| Records for the task |
┌──

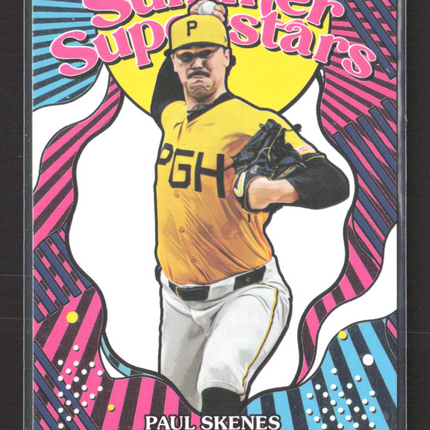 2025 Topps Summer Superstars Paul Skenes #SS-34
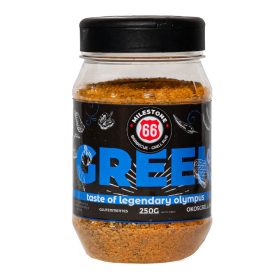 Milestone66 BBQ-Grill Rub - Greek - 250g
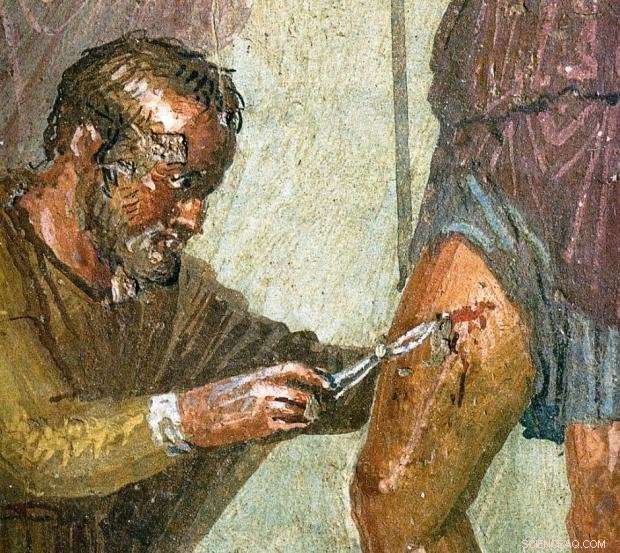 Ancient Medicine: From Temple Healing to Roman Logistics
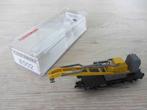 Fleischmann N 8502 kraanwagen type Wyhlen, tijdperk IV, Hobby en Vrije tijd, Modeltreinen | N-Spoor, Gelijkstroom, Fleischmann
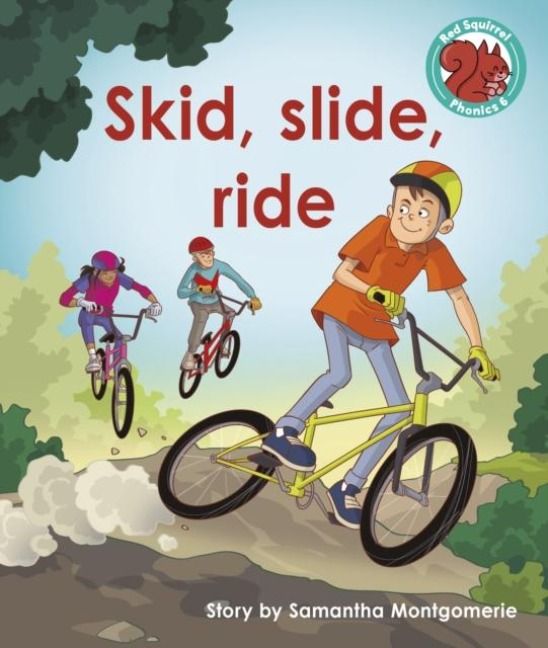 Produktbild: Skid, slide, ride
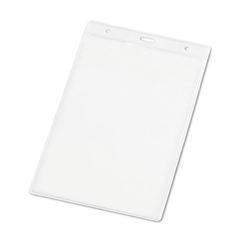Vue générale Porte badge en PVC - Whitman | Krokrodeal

└──
┌──

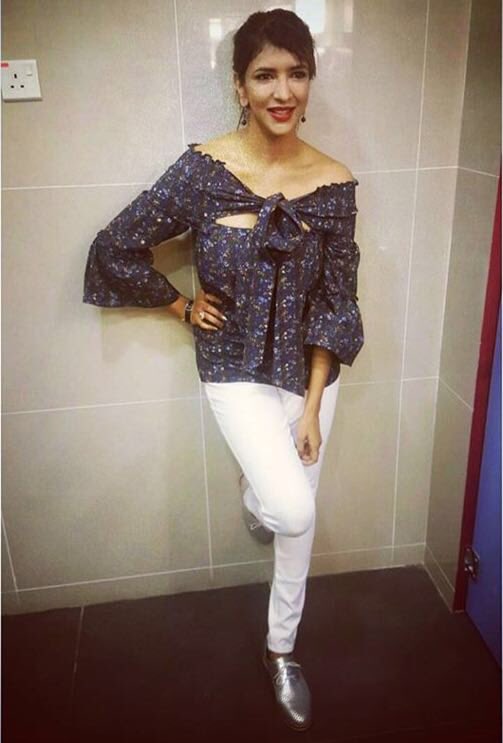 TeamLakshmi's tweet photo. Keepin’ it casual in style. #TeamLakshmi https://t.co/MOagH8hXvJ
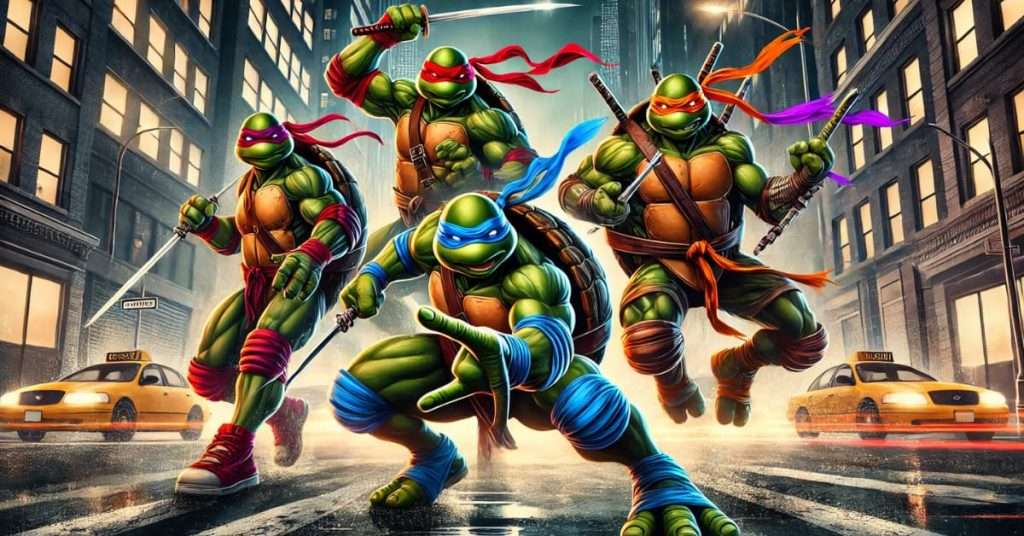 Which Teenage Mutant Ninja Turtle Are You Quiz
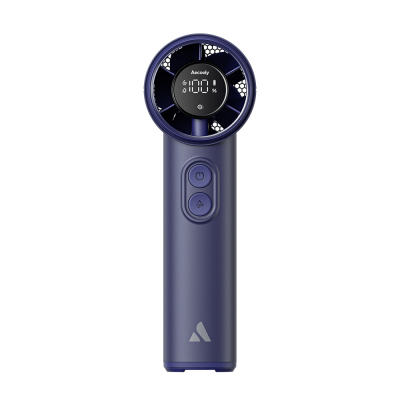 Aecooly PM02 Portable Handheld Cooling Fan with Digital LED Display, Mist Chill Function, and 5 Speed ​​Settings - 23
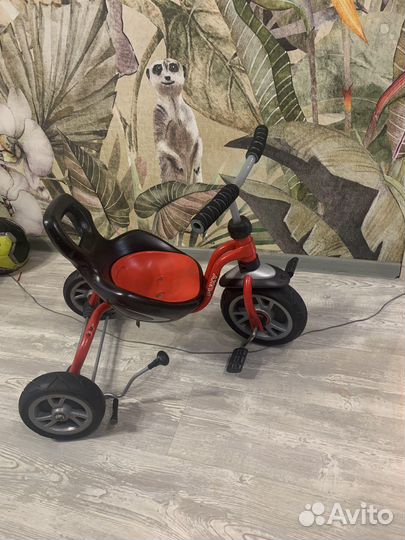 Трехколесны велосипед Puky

└──
┌──

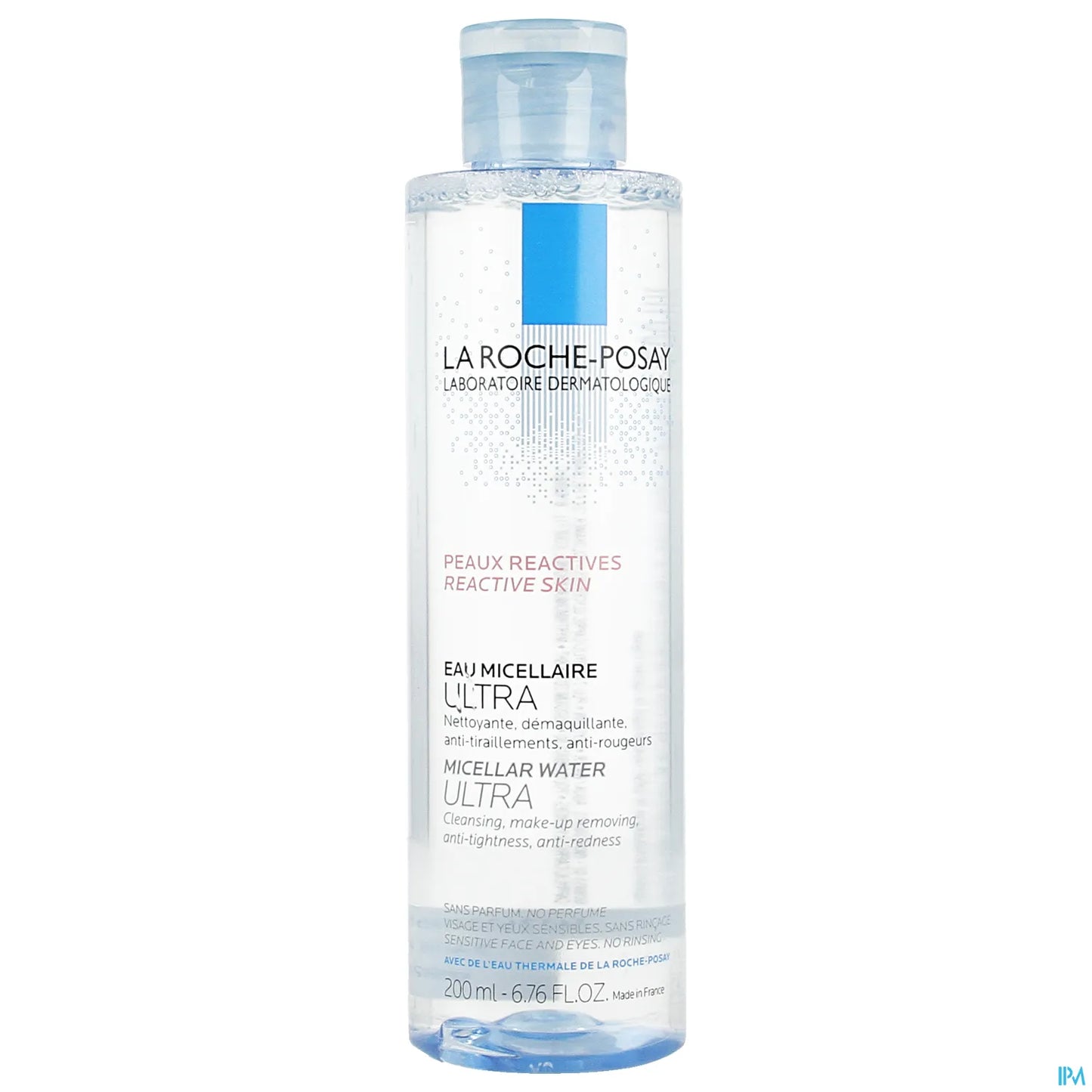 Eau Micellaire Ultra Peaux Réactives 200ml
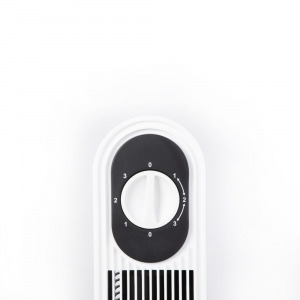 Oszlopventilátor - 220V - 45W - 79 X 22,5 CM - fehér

└──

| Exercise instructions |
Everything above from the line with "Which Teenage Mutant" through the line with "Трехколесны велосипед Puky" should be retyped exactly, and nothing else; omit pictures.

| Expected answer |
 Which Teenage Mutant Ninja Turtle Are You Quiz
 Aecooly PM02 Portable Handheld Cooling Fan with Digital LED Display, Mist Chill Function, and 5 Speed ​​Settings - 23
 Трехколесны велосипед Puky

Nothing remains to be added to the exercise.